Die Schutzgebiete wurden zwischen 2002 und 2010 um 695.363 km² erweitert, die meisten davon liegen in Amazonien und respektieren die wirtschaftlichen Aktivitäten der traditionellen Bevölkerung. Auch die Konzentration auf Kommunen mit besonders hohen Entwaldungsraten erwies sich als erfolgreich.

Keine Entwarnung: Entwaldung steigt wieder

2012 lag die Entwaldung bei unter 5.000 km². Seither schwankten die Werte zwischen 5.000 und 8.000 km² mit aktuell deutlicher Tendenz nach oben. Ein entscheidender Faktor ist offensichtlich die Verabschiedung des Waldgesetzes im Jahre 2012, dem ein langes Ringen zwischen Umweltgruppen und dem Agrobusiness vorangegangen war.

Ein wichtiger Erfolg der Umweltlobby war die Beibehaltung der 80-Prozent-Klausel für Amazonien: Landbesitzer dürfen hier nur 20 Prozent ihrer Fläche abholzen. Der Erfolg der Agarlobby lag in der Flexibilisierung vieler Regeln und vor allem in der Amnestie für alle Entwaldungen bis 2008. Sie schuf ein neues Schlupfloch für die Legalisierung illegaler Rodungen, indem diese als "bis 2008" registriert werden.

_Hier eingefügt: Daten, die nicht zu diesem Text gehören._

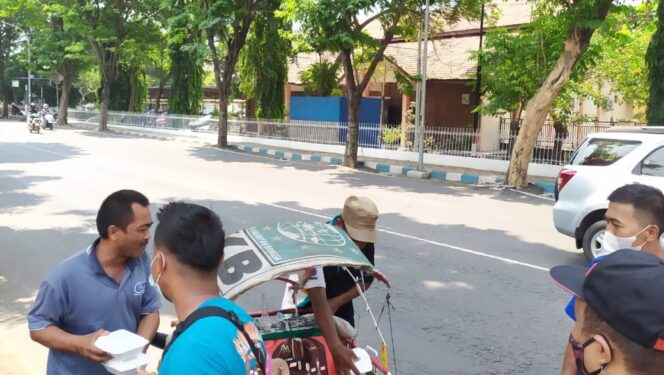 
Usai Donor, Komunitas di Pasuruan Bagikan Nasi Kotak ke 100 Tukang Becak dan Ojol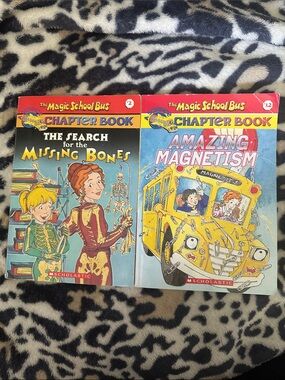 Scholastic The Magic School Bus Chapter Books - Yellow & Red Covers
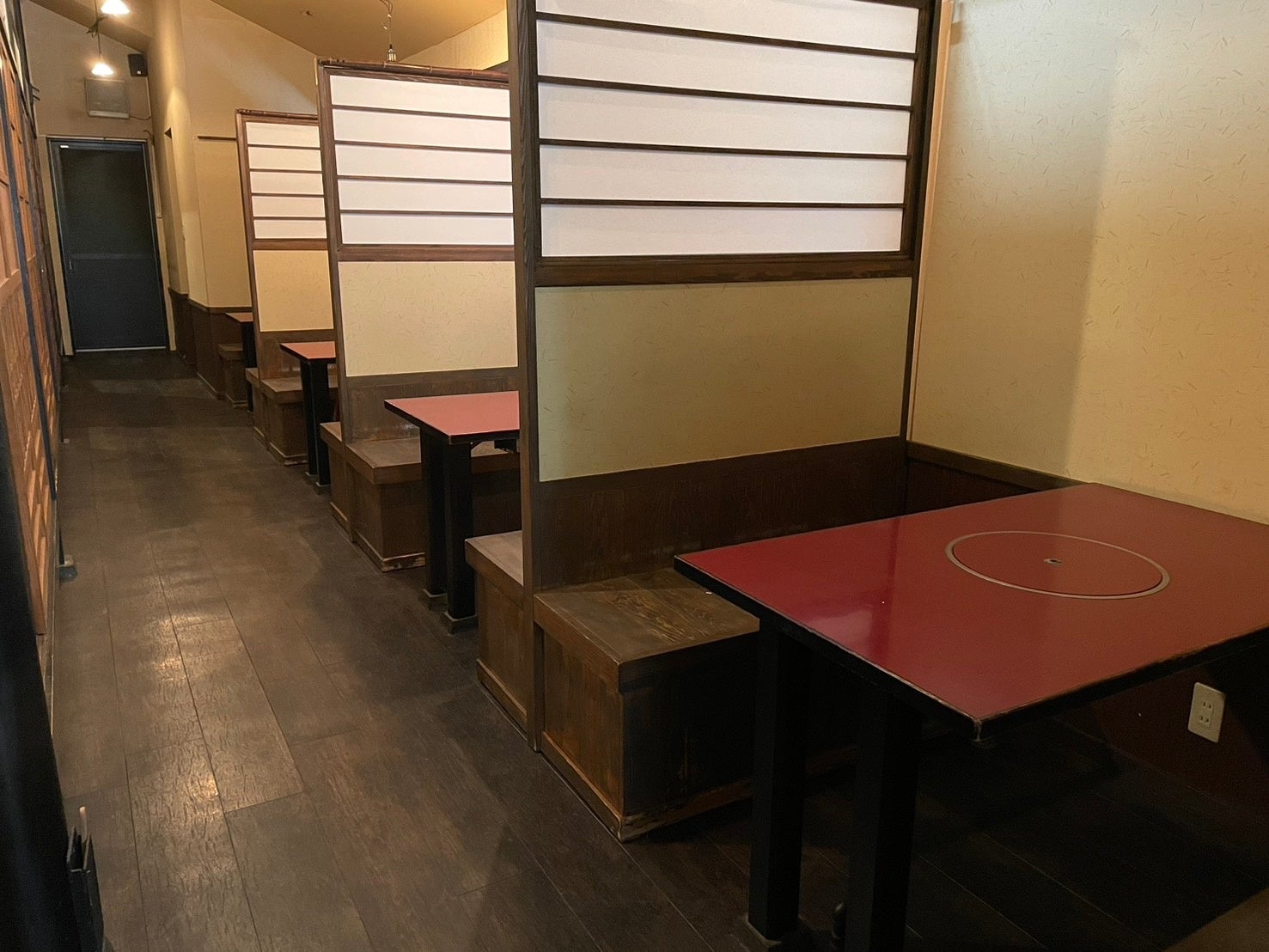 ご家族連れでも入りやすい店内です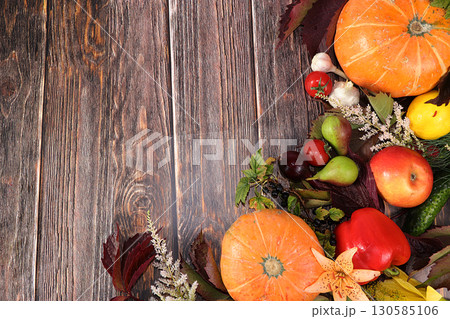 Thanksgiving, autumn background with seasonal autumn nature berries, pumpkins, apples and flowers on a wooden background, top view, copy space, flat lay. Happy Thanksgiving concept, selective focus. 130585106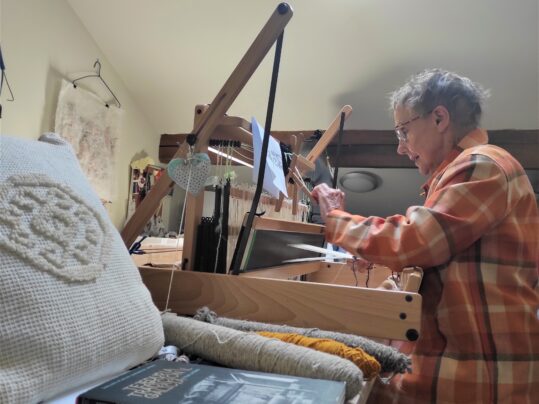 Claudia realiza su residencia artística textil en nuestro taller para conocer el tejido tradicional gallego y nuestro pueblo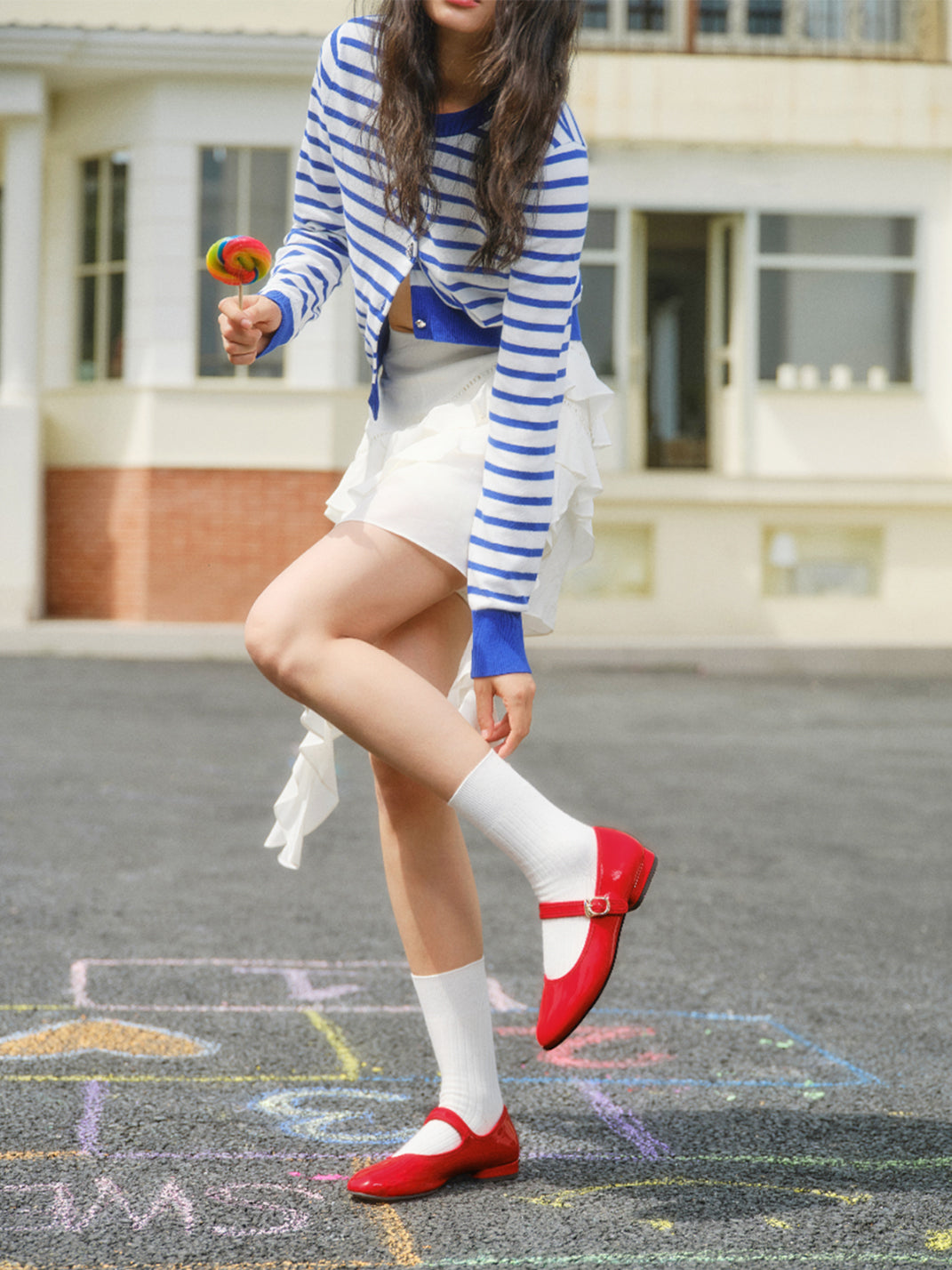 Minimal Round-Toe Strap Ballet Flats - View 10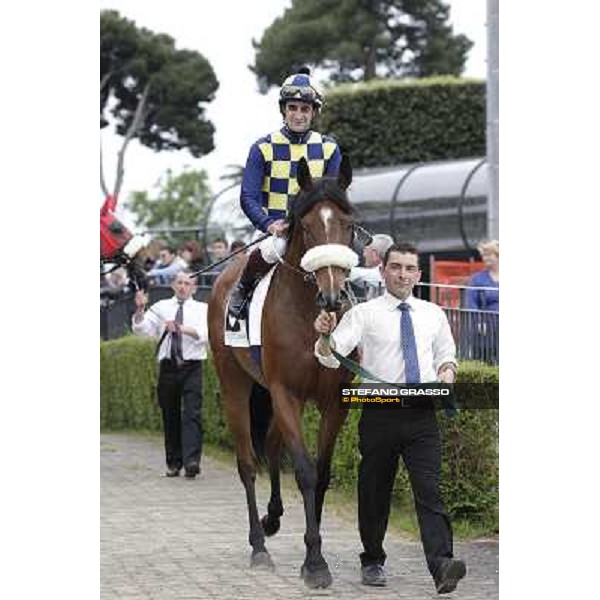 Fabio Branca on Cherry Collect before the start of the Premio Regina Elena. Rome - Capannelle racecourse, 29th april 2012 ph.Stefano Grasso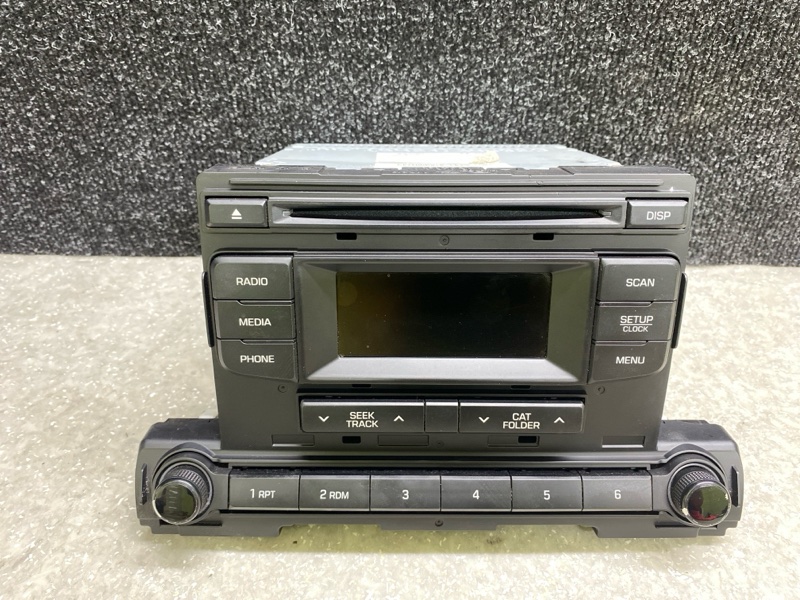 Магнитола HYUNDAI ELANTRA AD 16- 2017 2.0 G4NH 96170-F2140UAT Б/У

Außerdem sind durch verschiedene Gesetzesinitiativen Flächen von Schutzgebieten vermindert und das Budget der brasilianischen Umweltschutzbehörde IBAMA drastisch reduziert werden. So schrumpften die Mittel für die Kontrolle der Entwaldung in Amazonien zwischen 2013 und 2016 von 121 Millionen auf 65 Millionen Reais. Die Zahl der Kontrolleure verminderte sich im selben Zeitraum um 30 Prozent. Damit wurden die beiden zentralen Elemente wirkungslos, die die Reduzierung der Entwaldung möglich gemacht haben: die Einrichtung und Konsolidierung von Schutzgebieten sowie eine effektive Kontrolle illegaler Entwaldung.

Der Sojaboom geht weiter

2018 lag die brasilianische Sojaproduktion mit 117 Millionen Tonnen nur knapp hinter der des Weltmarktführers USA. Mehr als 80 Millionen Tonnen wurden exportiert, der größte Teil davon nach China; In die EU gelangten etwa 15 Prozent der Exporte.

Ein weiterer Ausbau des Sektors ist geplant, stößt derzeit aber auf logistische Probleme. Nach wie vor wird der größte Teil des Sojas mit LKWs von Mato Grosso zu den über 2.000 Kilometer entfernten Häfen von Santos und Paranaguá transportiert. Um die Häfen im Norden zu erreichen, ist nun eine 933 km lange Eisenbahnstrecke geplant," die die Sojaanbaugebiete in Mato Grosso mit Häfen am Rio Tapajós verbinden soll.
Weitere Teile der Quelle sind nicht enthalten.